YOUR INSTRUCTIONS: Repeat the listing below in full and exactly, but without its pictures.

RAW DATA:
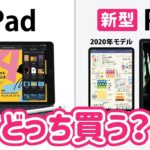 新型iPad Pro (2020年版) レビュー❗️無印iPadやAirとどちらがオススメ？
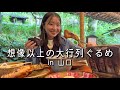 行列覚悟で行ったらレベルが違った。山口県の超人気店。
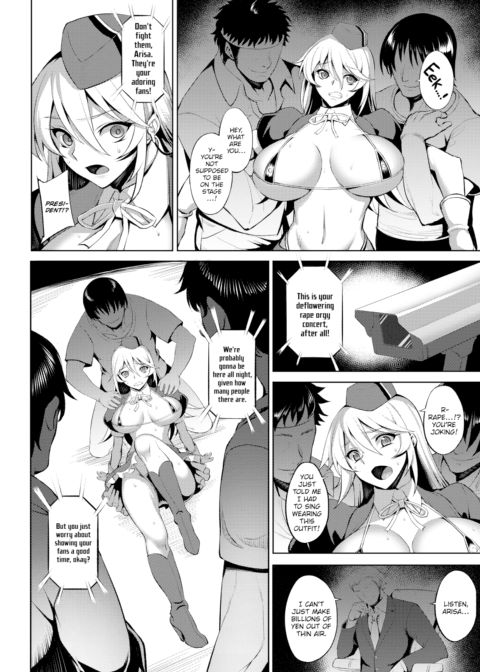 Impure Idol Chapter 1 page 6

EXERCISE RESPONSE:
 新型iPad Pro (2020年版) レビュー❗️無印iPadやAirとどちらがオススメ？
 行列覚悟で行ったらレベルが違った。山口県の超人気店。
 Impure Idol Chapter 1 page 6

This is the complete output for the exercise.